What were our chances of winning this battle? Somewhere between slim and none, I would wager. The luck we enjoyed at Gladsmuir and Falkirk, it would seem, had finally run out.

The English enemy had canons, rifle-muskets affixed with bayonets, ammunition, horses, archers, and some nine thousand well-rested, well-fed soldiers trained and drilled for just this sort of line-to-line confrontation.

We Jacobites, in contrast, were a rag-tag bunch of frozen, starved, and exhausted volunteers. If the duke's army stood firm in the face of our charge, we were doomed. Not that we stood much chance either way.

Even so, my father would have wanted me to fight for the rightful king and the One True Faith. Was he looking down from Heaven right now? Was he proud of his only son for taking up the cause for which he gave his life?

A braw man with a passionate heart, he was hanged, drawn, and quartered twenty-three years ago—when I was on the cusp of manhood—for his role in the Atterbury Plot, a Jacobite conspiracy to restore the House of Stuart to the throne of Great Britain.

His head, which I stole from its place of display atop Temple Bar, the ceremonial archway between London and Westminster, was buried in the walled garden of my castle, beside my gold, to prevent my most prized family treasures from falling into thieving Sassenach hands. I might not love the Stuarts as much as did my father, but I hate the heretic English even more.

If only I could have hidden my wife and unborn child from the enemy as easily.

Please, Father in Heaven, keep them safe.

Biting down to still my chattering teeth, I urged my mount onto the sodden field where the prince was doing his best to bolster morale. Some poor sods dozed where they stood; others lay along the road like plaid-shrouded corpses awaiting the death cart. Still more had abandoned their posts altogether—out of futility and hunger.

Our best fighters had yet to show up and the promised reinforcements from France were naught but a pipe dream, regrettably.

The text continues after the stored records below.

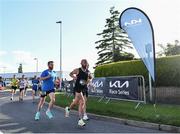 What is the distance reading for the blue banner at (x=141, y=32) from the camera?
1202 cm

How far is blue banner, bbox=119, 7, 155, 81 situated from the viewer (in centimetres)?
1202

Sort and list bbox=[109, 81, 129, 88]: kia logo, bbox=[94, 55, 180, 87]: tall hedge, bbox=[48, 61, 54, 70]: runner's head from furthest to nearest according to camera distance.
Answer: bbox=[94, 55, 180, 87]: tall hedge
bbox=[109, 81, 129, 88]: kia logo
bbox=[48, 61, 54, 70]: runner's head

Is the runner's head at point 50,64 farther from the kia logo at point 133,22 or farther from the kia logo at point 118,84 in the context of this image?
the kia logo at point 118,84

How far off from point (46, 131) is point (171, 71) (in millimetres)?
10444

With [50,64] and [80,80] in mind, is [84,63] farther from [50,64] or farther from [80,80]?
[50,64]

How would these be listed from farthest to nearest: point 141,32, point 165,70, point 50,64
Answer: point 165,70
point 141,32
point 50,64

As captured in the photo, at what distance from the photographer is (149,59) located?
12.1m

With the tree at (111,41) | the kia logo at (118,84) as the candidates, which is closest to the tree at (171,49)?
the tree at (111,41)

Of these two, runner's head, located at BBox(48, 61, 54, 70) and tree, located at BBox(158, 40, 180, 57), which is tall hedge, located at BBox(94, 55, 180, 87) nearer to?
runner's head, located at BBox(48, 61, 54, 70)

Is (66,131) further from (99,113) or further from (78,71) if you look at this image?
(99,113)

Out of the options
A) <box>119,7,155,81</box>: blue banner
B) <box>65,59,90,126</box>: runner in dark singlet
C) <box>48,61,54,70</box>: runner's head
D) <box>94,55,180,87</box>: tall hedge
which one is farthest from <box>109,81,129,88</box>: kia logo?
<box>65,59,90,126</box>: runner in dark singlet

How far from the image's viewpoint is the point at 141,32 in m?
12.6

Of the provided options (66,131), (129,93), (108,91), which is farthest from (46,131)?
(108,91)

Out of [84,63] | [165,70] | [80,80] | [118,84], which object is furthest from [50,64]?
[165,70]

From the look of things, we were about to be handed our bollocks.

Feeling as if I were being forced to dig my own grave, I reined my horse into position beside the other mounted officers. The sun was at high noon now and the lines were drawn within cannon-shot of one another. Despite our dismal prospects, the clansmen took off their bonnets and gave a great whooping cheer. The enemy answered with a resounding huzzah.

Cannons boomed, one after the other, and I remembered those nights in my youth when I believed the thunder was God expressing his wrath for the sins I was too ashamed to confess. Fornication, impure thoughts, inordinate affection, evil concupiscence, self-pleasuring, and covetousness, among them. I was far from an evil man, but neither was I a monk.

Heracles danced under me, champing at the bit to have his head. I kept the horse reined in and an eye out for the order to engage.

When it came, the front line charged, swords drawn, guns blazing. The English showered them with grapeshot and bullets. The sulphuric smoke of gunpowder clouded the air. Lord Murray's regiment swung off to the right, leaving the MacDonalds wide open.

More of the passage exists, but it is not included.